None of this should disqualify Trump from being a Republican today, but of course the Republican Party, and in particular its powerful Tea Party wing, is all about party purification. They're the new Bolsheviks. If you're not Republican enough, Republican as they define it, they'll purge you from the party. We're seeing this happen again and again, with the Tea Party and others on the right challenging even established conservatives like Orrin Hatch, Richard Lugar, and John Boehner. The Republican Party is descending into madness, as I've said many times, and all this ongoing purge is accelerating that descent.

Trump has the media platform, not to mention the temperament, to fight back against those who would challenge him, including Paul. But Paul's onto something. Birtherism aside, Trump just isn't the sort of Republican, if truly Republican at all, to win over enough of the grassroots base to win the nomination, even if he manages to lure some of the party establishment (like Ralph Reed). He's got the anti-Obama attack going, and that's sustaining his popularity in the party, but were he to run that popularity would likely fracture once he was actually subjected to any sort of sustained scrutiny of his record. In that sense, he's got a Romney problem, and it's the sort of problem that's virtually insurmountable. Just ask Mitt.

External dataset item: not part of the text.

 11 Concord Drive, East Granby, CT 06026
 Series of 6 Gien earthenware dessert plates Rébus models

And just ask Rand, who threw a pile of dung at the upstart Trump. If The Donald insists on remaining in the Republican spotlight, there will no doubt be much more to come.

Thursday, April 28, 2011

Whither Birtherism?


Conservative renegade David Frum may describe Birtherism as a "disgrace" and a "phony controversy," as an issue that effectively ended with yesterday's release of President Obama's long-form birth certificate, and I credit Frum for asking how "this poisonous and not very subtly racist allegation [got] such a grip on our conservative movement and our Republican party" (that would be, his movement and his party) and for denouncing "these racialized attacks on Obama" (not just the Birther allegation but the new allegation, via Donald Trump, that Obama is basically a product of affirmative action, undeserving of his Ivy League education), but actually Birtherism and its various offshoots, however convincingly refuted, aren't going anywhere.

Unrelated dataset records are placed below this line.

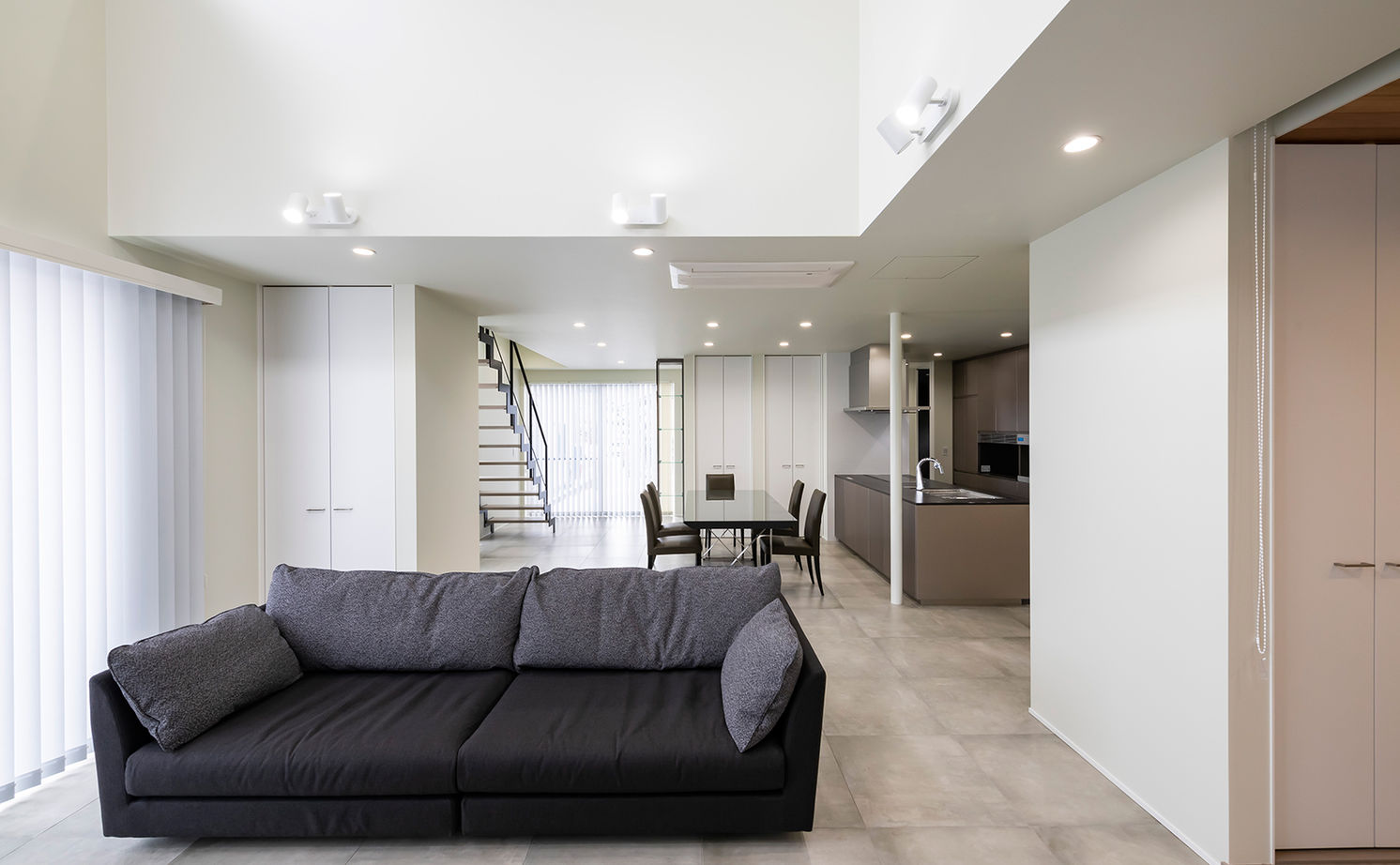 Nstyle+oneナカヒロハウジング 【間取図あり・ハイグレード・6LDK】建築家のセカンドオピニオンを取り入れ、後悔しない家づくりをの建築実例画像8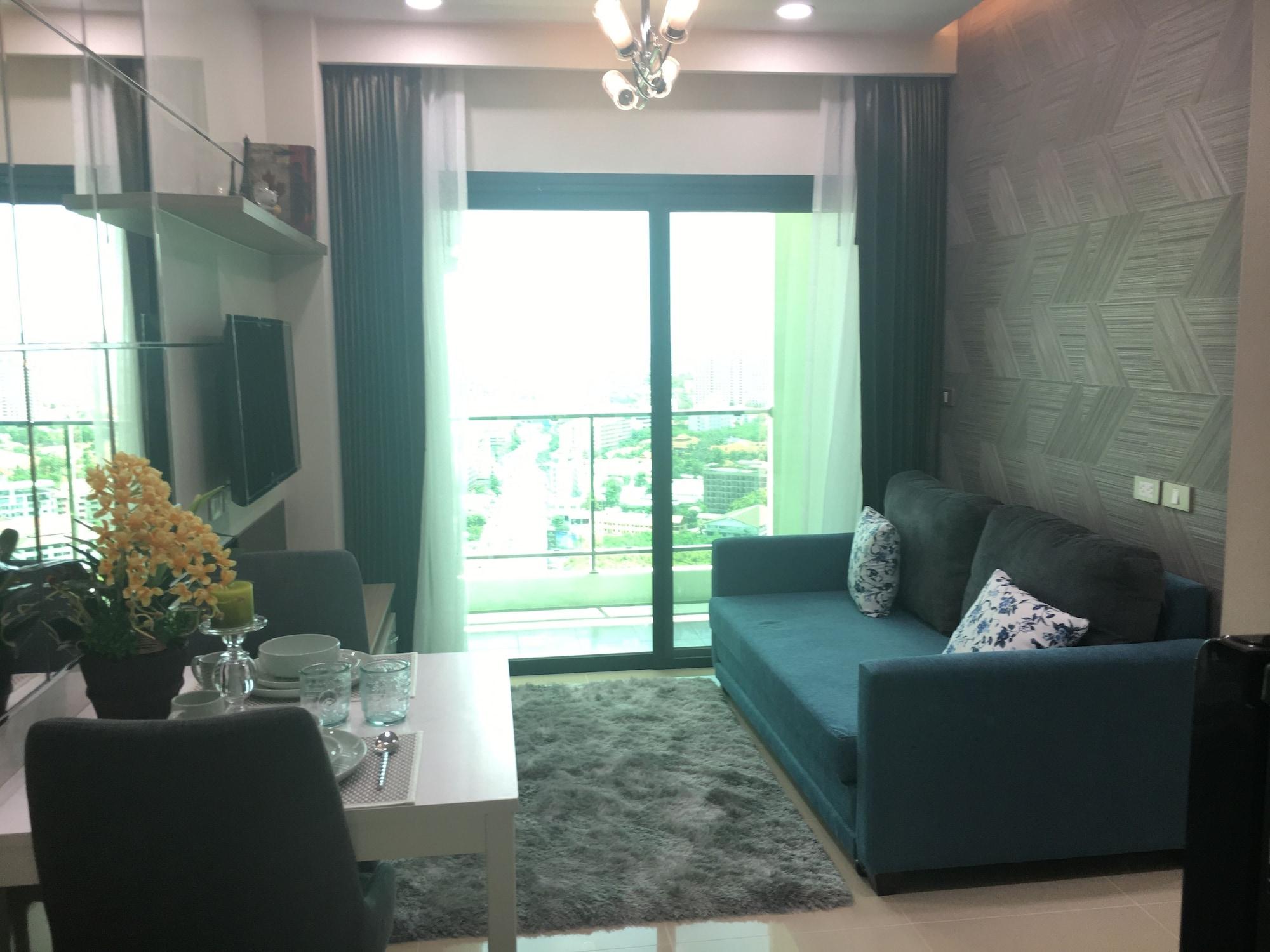 Dusit Grand View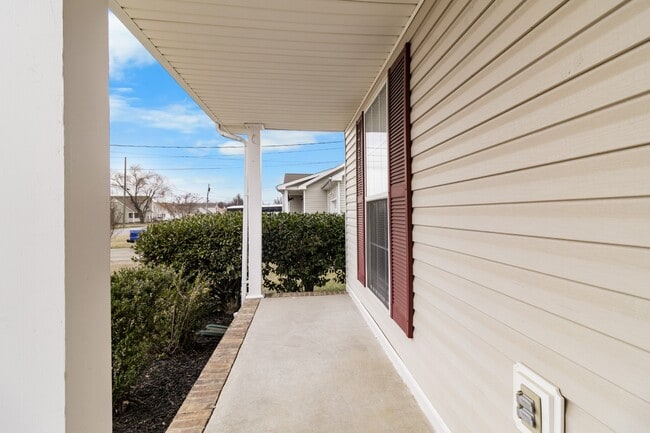 Building Photo - 3437 Kingfisher Dr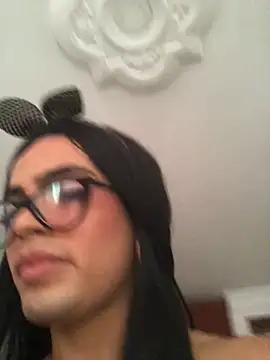 Kitty Cruz Love online show from 04/12/26, 09:09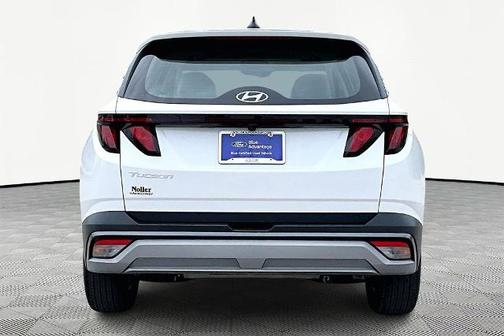 White Pearl 2025 Hyundai TUCSON SE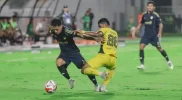 PSM Makassar menghadapi Semen Padang di Stadion Gelora BJ Habibie saat laga berakhir imbang 0-0.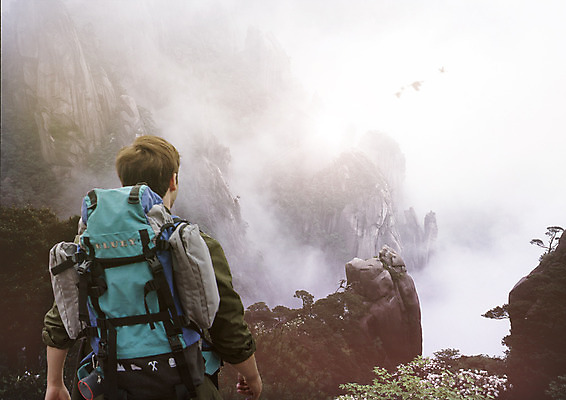 PSD 서양인 편집 편집이미지 남자 여행 배낭 산 한명 상반신 20대 성인 뒷모습 등산 안개 안식처 성인남자한명만 이미지편집 외국인 1 뷰포인트 가방 날씨 휴식 사람 청년 트래킹 남자한명만 성인남자만 파일형식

James Fallows explains why: "[Tuesday], about half of all Republicans thought Obama was foreign born, and therefore an illegal occupant of the White House. How many Republicans will think the same thing one week from now? My guess is: about half. We've reached that stage on just about everything. It's probably been true of human beings throughout time, but is more obviously significant in politics now, that generally people don't act like scientific investigators, or judges in moot-court competitions, when parsing the logic and evidence behind competing arguments to come up with political views. They go on loyalty, and tradition, and hope, and fear, and self-interest, and generosity, and all the rest."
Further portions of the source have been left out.